We also chat with the developers about the ways in which their physics-based gameplay fits in, the game's death mechanic, and how the game 'feels' like a 3rd person action game more than an MMO. Read on for all the gameplay details!

"[Encounters] really let us have the ability to dynamically spawn up a lot of content in the game, and really have the player understand what they need to do at any moment without checking a quest log."

Explain to us how encounters will work in DC Universe Online.

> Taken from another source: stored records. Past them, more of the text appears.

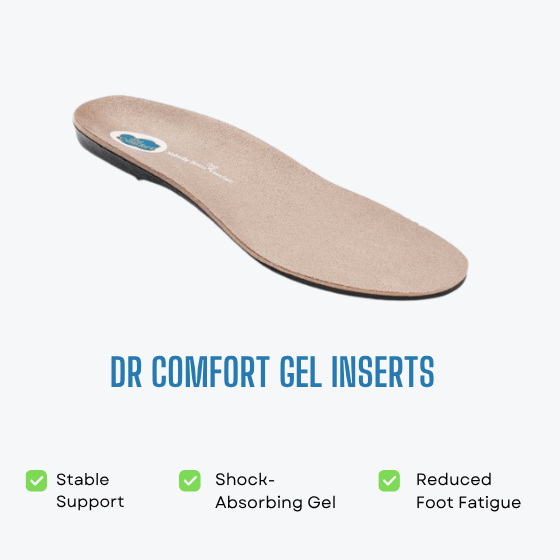 flat foot insoles available at Dynamic Medical Centre in UAE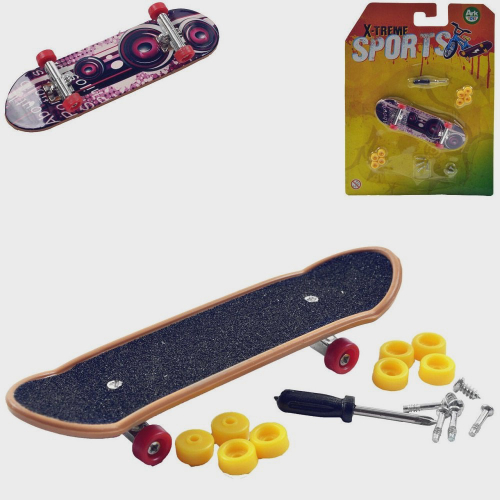 Skate De Dedo Esporte Radical no Shoptime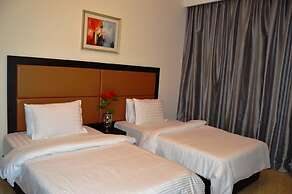 OYO 104 Q House 3 Apartments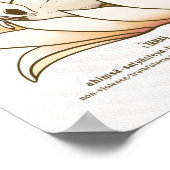 Poster de Yoga Chakra Kundalini (Coin)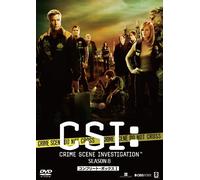 Csi:Crime Scene Investigation [DVD de Audio]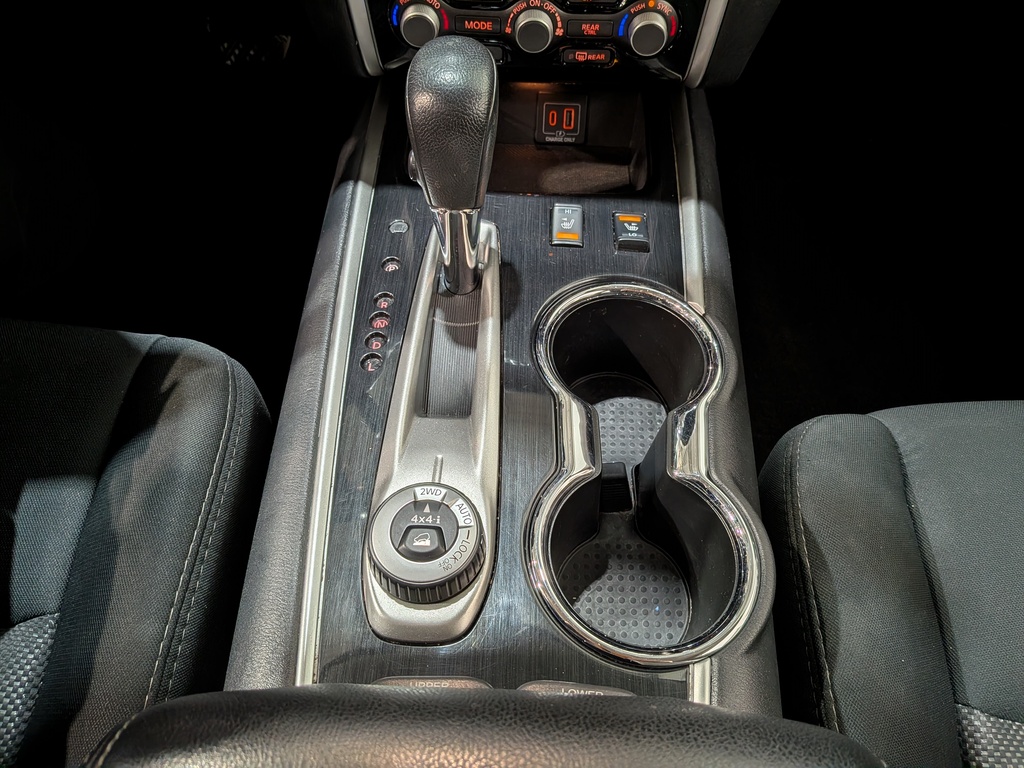 Nissan Pathfinder 2019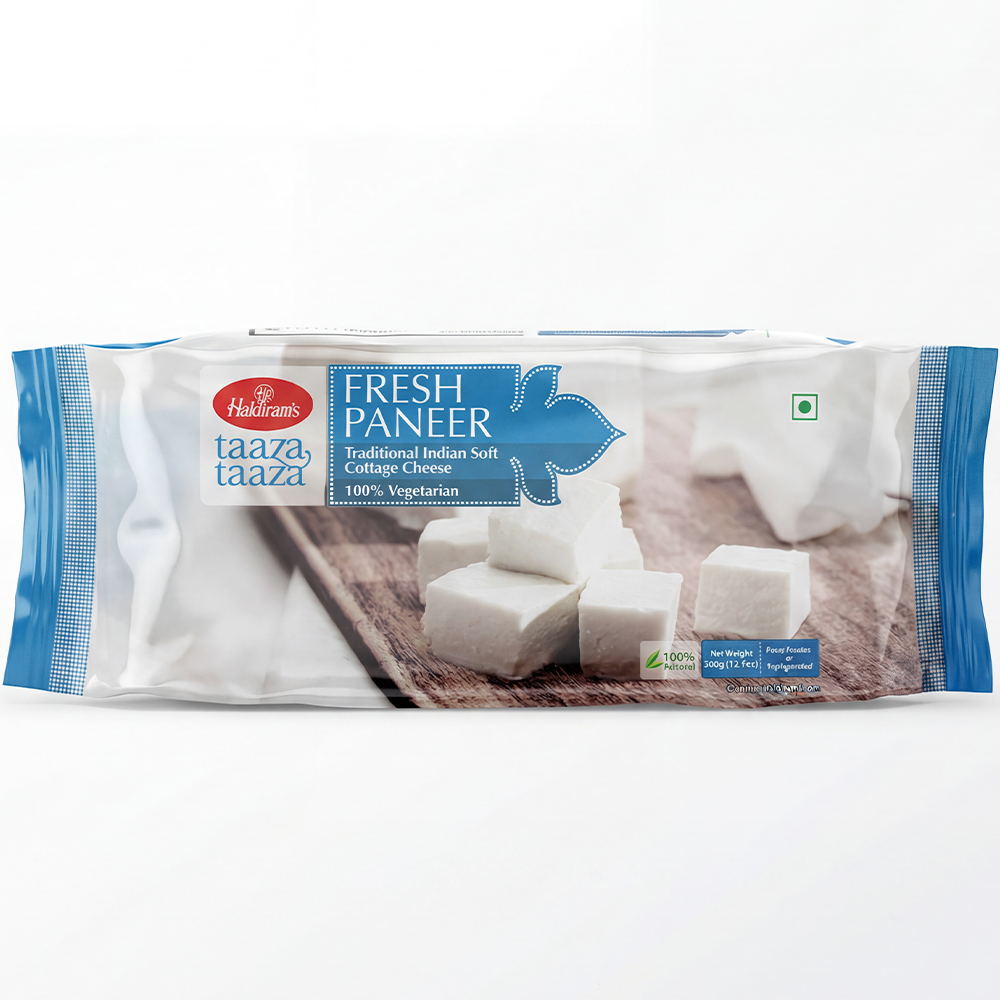 HALDIRAMS FRESH PANEER 360GM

DCUO Creative Director Jens Andersen: They are an example of our 'self-evident content system'. We have what we call 'encounters' in the game, and each encounter has a number of objectives in it. In this case, this encounter has three knockout objectives. So I can see the knockout over these guys' heads, and what I need to use are these. These are my abilities. Knock back... I'm an ice guy, my name is Freon. I have some ranged attacks from my dual pistols here. I kind of modelled this guy after Captain Cold, right? Ice, and a couple of pistol slinging going on.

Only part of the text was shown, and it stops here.